Through strange serendipity, December is bringing not one but two films about a peculiar man with bad hair who embarks on making a film with the support of some bemused strangers. There’s James Franco’s The Disaster Artist, about real-life hulking auteur Tommy Wiseau, which was inspired by cinematic disaster The Room. But an even more bonkers tale is Brigsby Bear, which, in another bit of strange serendipity, has some similarities with cinematic non-disaster Room. It’s the story of an abductee who is released from the clutches of the cultish couple who took him as a child, and who tries to adapt back to normal society by making a DIY movie about a magical bear.

There are flashes of magic here.

Unlike Room, it’s unlikely to get Oscar nominations. But the film can’t be accused of being derivative — it walks its own weird, sometimes unsettling, sometimes curiously touching path, and it’s hard to guess where the hell it’s going. One of the biggest surprises is its pedigree, with the team behind Lonely Island (Hot Rod and last year’s Popstar: Never Stop Never Stopping) credited as producers and Saturday Night Live contributor Dave McCary in the director’s chair.

Those credits suggest a wacky, knockabout comedy, but Brigsby Bear is actually a carefully paced character piece that’s tinged with sadness. The early scenes set out the dynamic between scraggy, Napoleon Dynamite-y lead character James (Kyle Mooney), and the older pair who are keeping him shut up in their bunker, played by Mark Hamill (still rocking his Last Jedi beard) and Jane Adams. There are funny details — the three shake hands before eating their meals — but nothing is played explicitly for laughs, and you sense a real bond between them all, even as small touches (including a poster that declares, “CURIOSITY IS AN UNNATURAL EMOTION”) hint at the brainwashing that’s going on.

Brigsby

This is also where Brigsby is introduced. To keep James busy and enforce certain messages, his faux-parents have created a long-running fake TV show about a human-sized bear who travels through time and space on cosmic adventures. The few sequences we see from this show are far and away the highpoints of Brigsby Bear: surreal, deliberately crude and full of bizarre texture. Seemingly inspired by religious American kids’ shows from the 1980s such as Gospel Bill and Prayer Bear, the lo-fi footage is psychedelically unhinged, with magical crystals and a villain named Sunsnatcher who looks as if he would hang out with the moon from The Mighty Boosh.

That stuff is truly original and excellently executed, but over far too quickly. And once James is released from captivity and enters the real world, Brigsby Bear loses its way, dropping the edginess and becoming yet another schmaltzy bunch-of-oddballs-making-a-DIY-film story in the vein of Me And Earl And The Dying Girl or Be Kind Rewind. Even within the weird rules of this world, it rings false that everyone would get on board so unhesitatingly with James’ bizarre mission to make a Brigsby movie.
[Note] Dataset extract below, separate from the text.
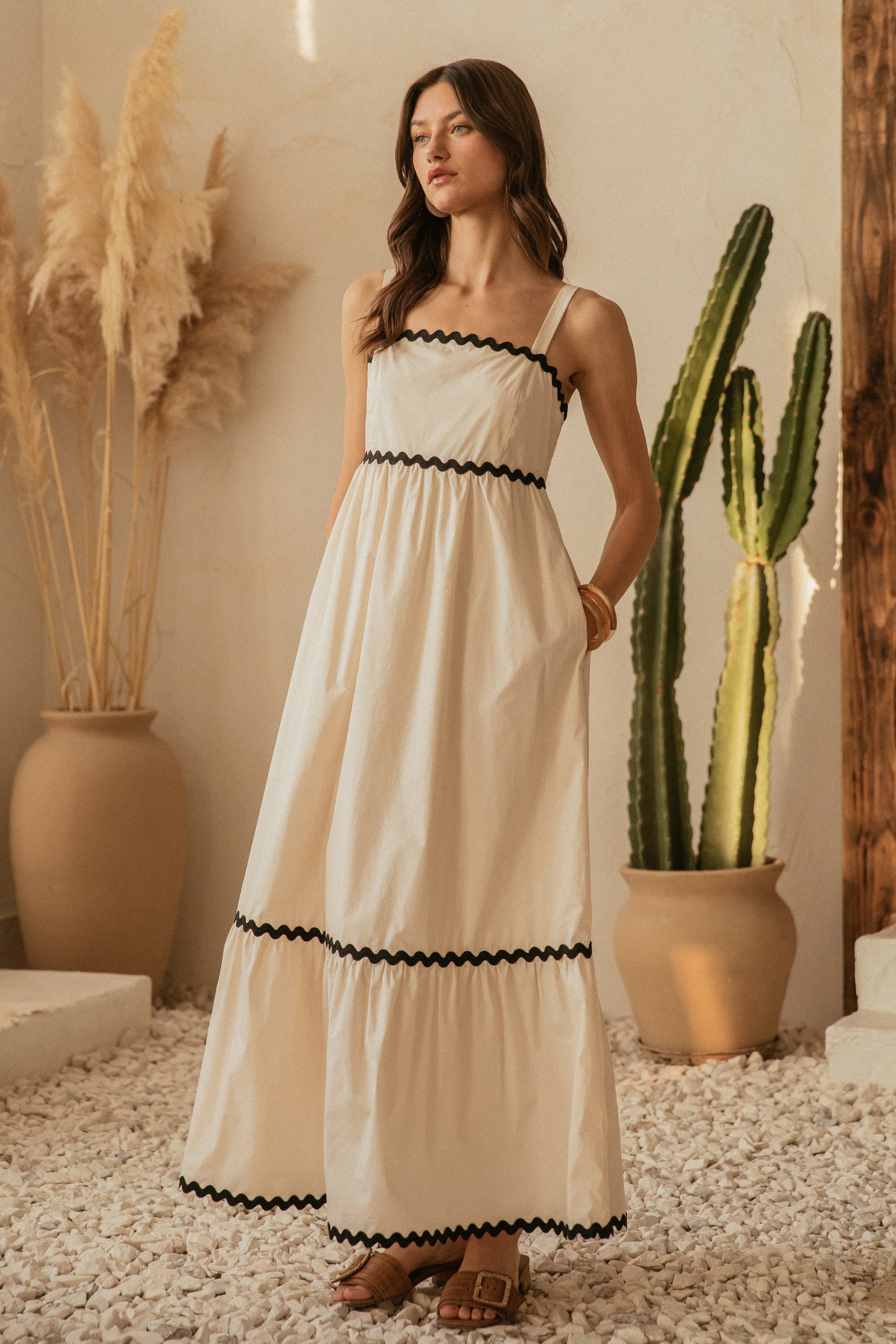 Umeri Dress Off White Black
And the visual imagination that boosts the opening sequences peters out as the story continues. Frankly, it needed more bear.

If it doesn’t quite sustain its initial promise, at least it’s a very promising directing debut for McCary. There are flashes of magic here, and not just in the bits involving Sunsnatcher’s crystals.

A film about a cult that might well attract a cult following itself. But it’s only moderately successful, with the early scenes hinting at a bolder, more satisfying tale that could have been.